DATASET RECORDS:
Segment Open
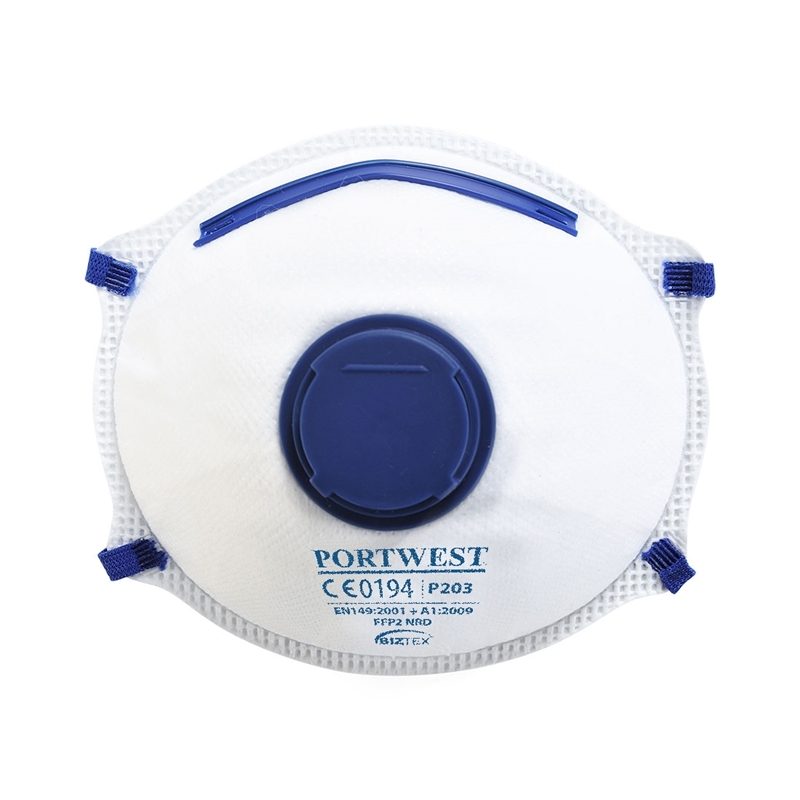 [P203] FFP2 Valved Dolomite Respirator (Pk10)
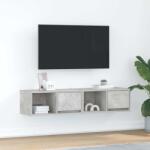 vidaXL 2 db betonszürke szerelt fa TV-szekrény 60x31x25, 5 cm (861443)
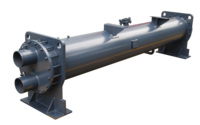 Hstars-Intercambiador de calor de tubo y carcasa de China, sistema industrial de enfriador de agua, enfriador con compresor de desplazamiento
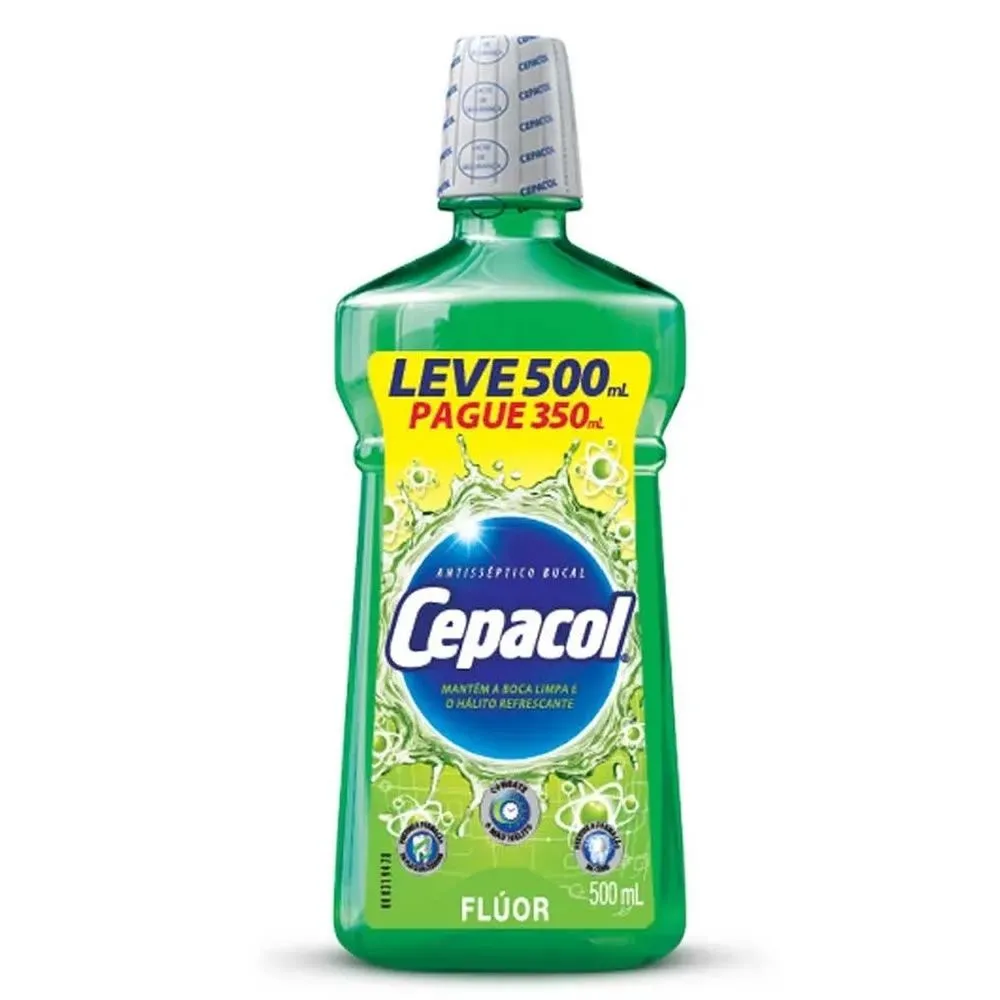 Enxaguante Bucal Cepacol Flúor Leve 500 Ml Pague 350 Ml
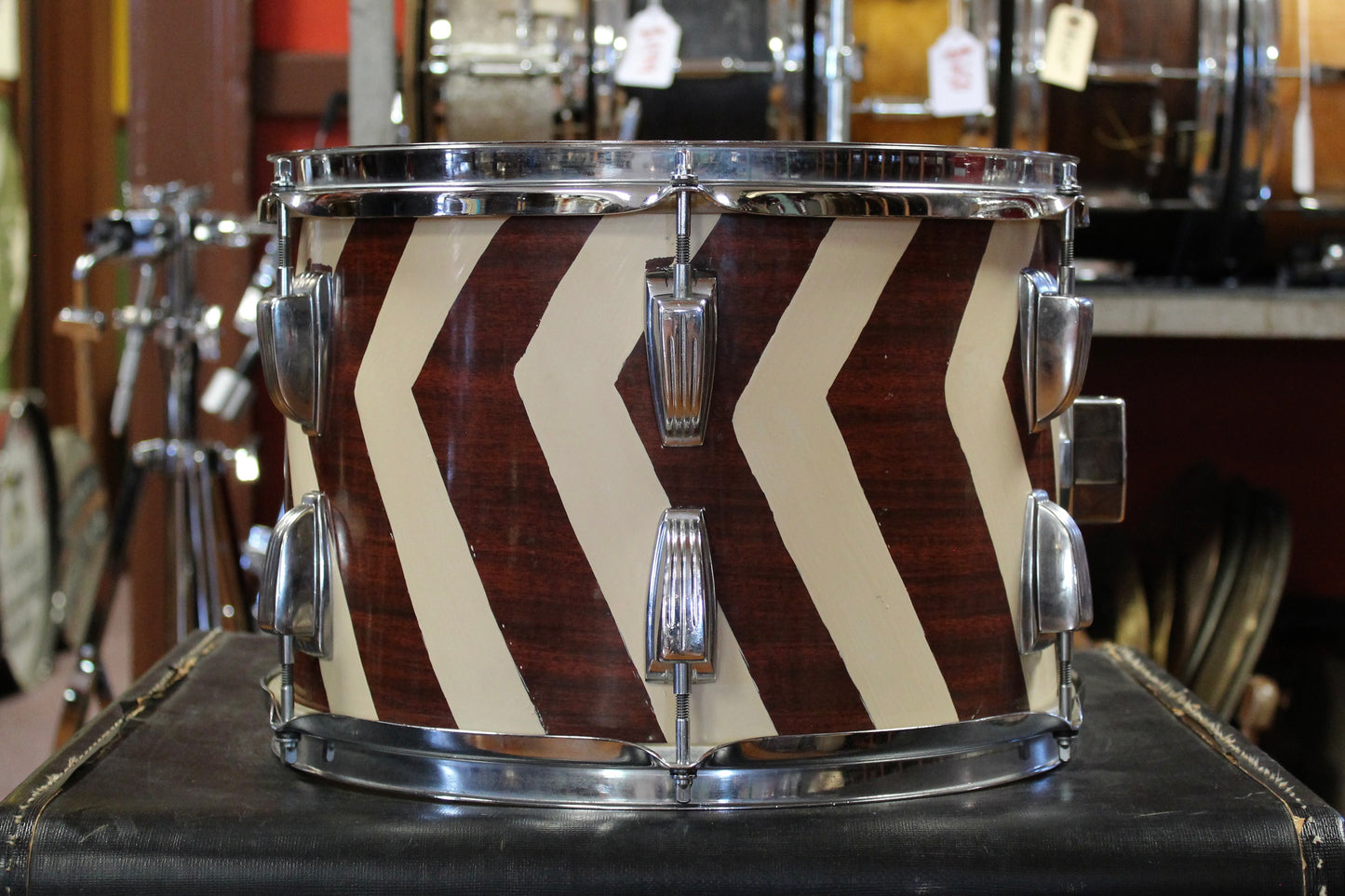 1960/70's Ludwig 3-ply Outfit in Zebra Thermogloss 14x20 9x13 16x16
Segment Closed
Segment Open
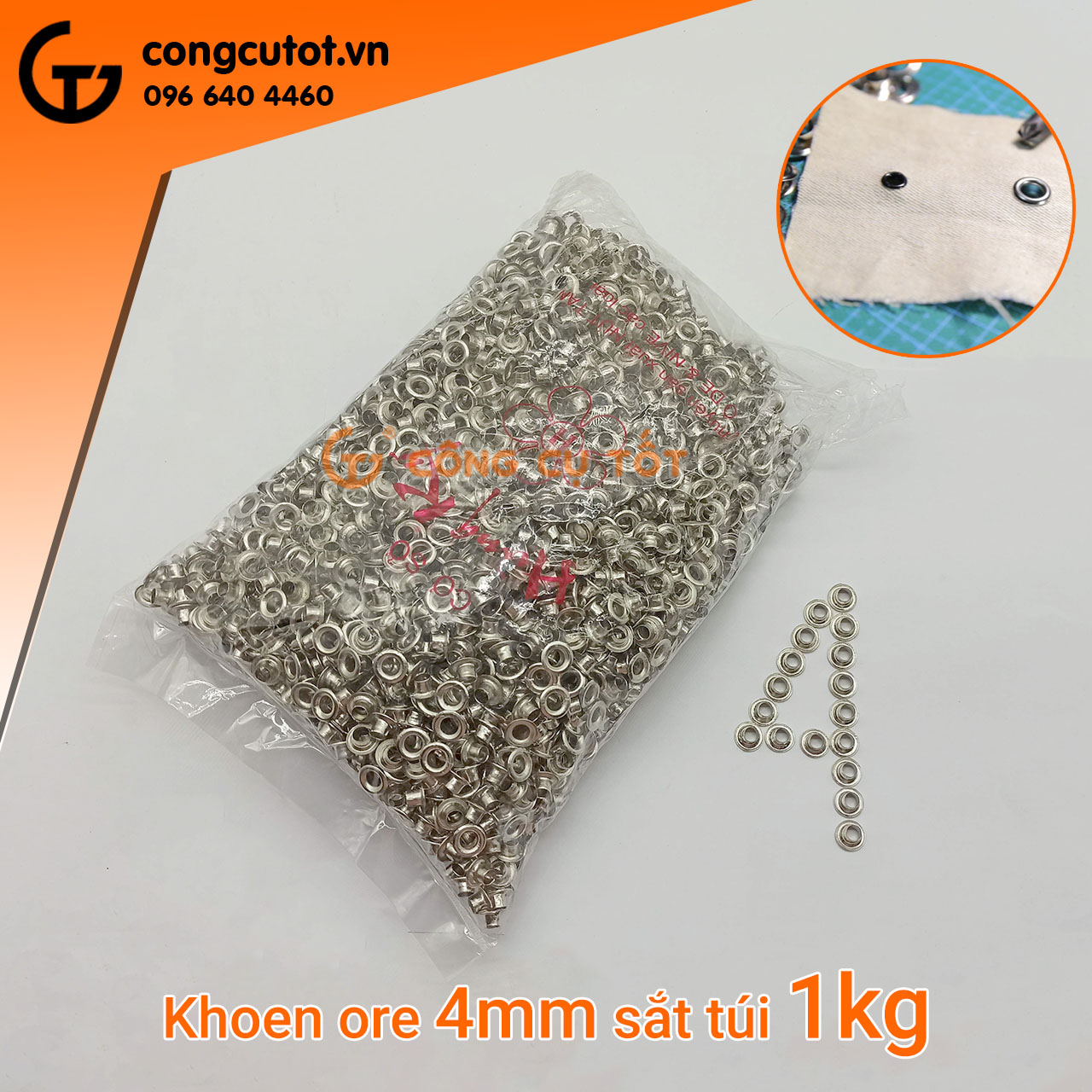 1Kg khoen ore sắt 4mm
Segment Closed
Segment Open
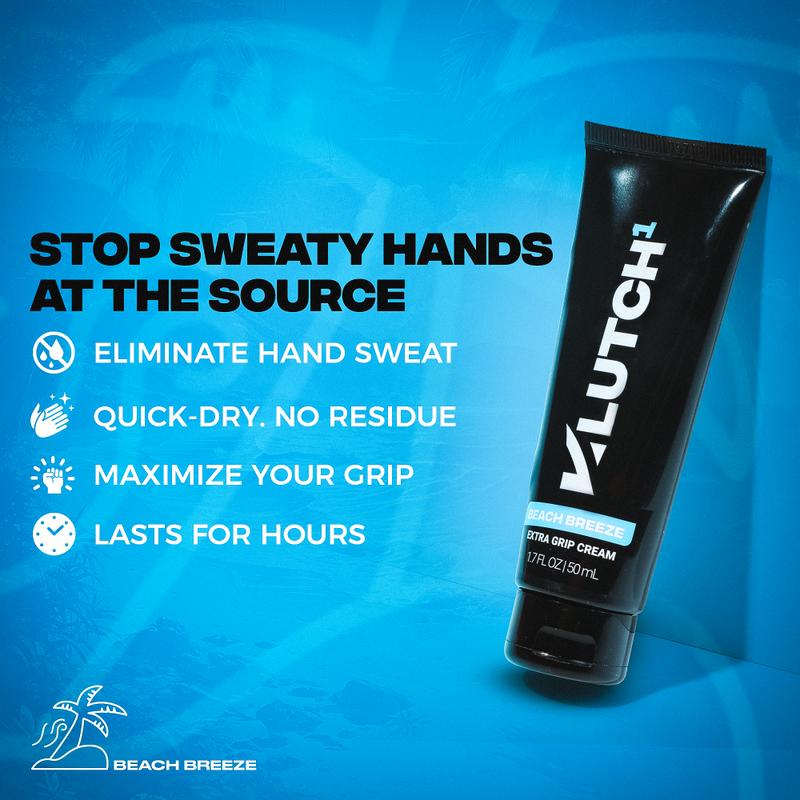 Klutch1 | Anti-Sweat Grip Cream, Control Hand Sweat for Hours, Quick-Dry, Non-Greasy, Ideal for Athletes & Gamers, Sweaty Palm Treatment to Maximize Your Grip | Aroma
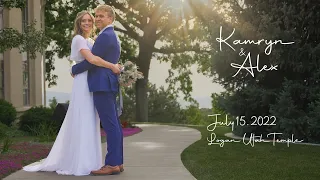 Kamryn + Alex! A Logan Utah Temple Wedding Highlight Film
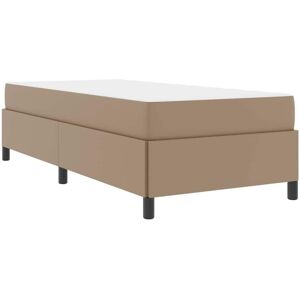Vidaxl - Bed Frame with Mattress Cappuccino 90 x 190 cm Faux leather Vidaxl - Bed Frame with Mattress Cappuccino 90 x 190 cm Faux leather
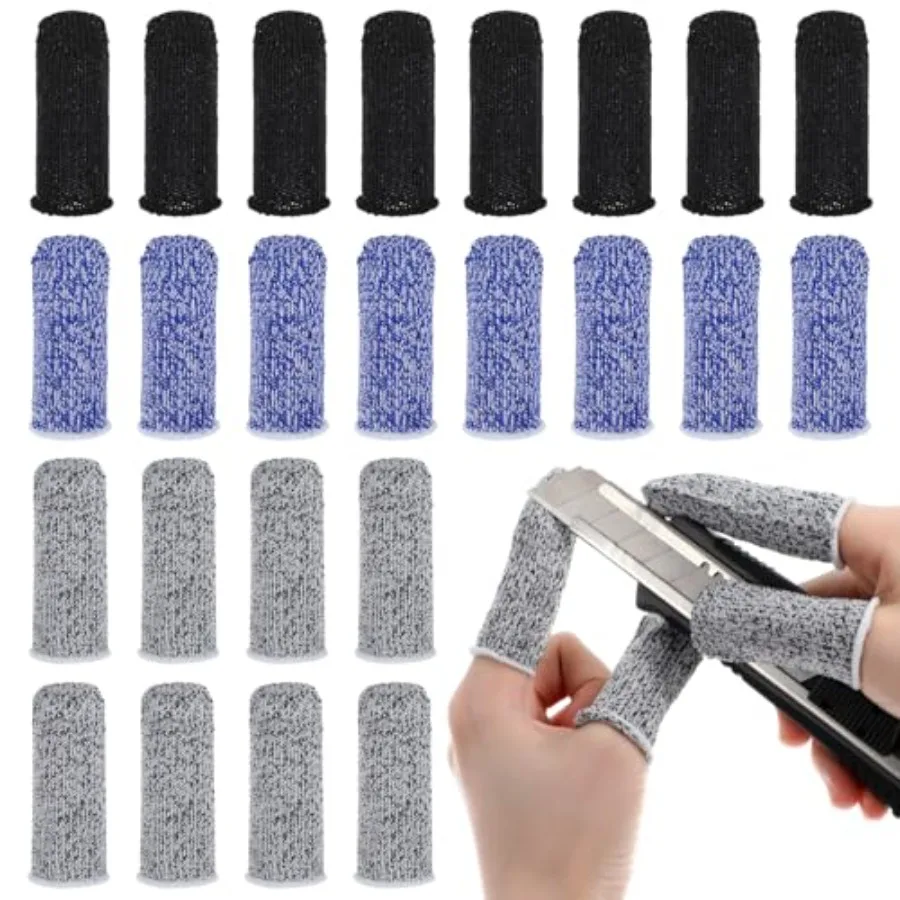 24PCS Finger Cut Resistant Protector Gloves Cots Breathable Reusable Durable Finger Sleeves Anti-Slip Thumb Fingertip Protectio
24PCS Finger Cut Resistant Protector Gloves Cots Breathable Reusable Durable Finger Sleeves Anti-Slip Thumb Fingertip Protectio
Segment Closed
EXERCISE INSTRUCTIONS: Transcribe the lines above exactly, beginning at the one with "[P203] FFP2 Valved" and ending at the one with "Hstars-Intercambiador de calor". Include both; exclude the pictures.

EXPECTED OUTPUT:
 [P203] FFP2 Valved Dolomite Respirator (Pk10)
 vidaXL 2 db betonszürke szerelt fa TV-szekrény 60x31x25, 5 cm (861443)
 Hstars-Intercambiador de calor de tubo y carcasa de China, sistema industrial de enfriador de agua, enfriador con compresor de desplazamiento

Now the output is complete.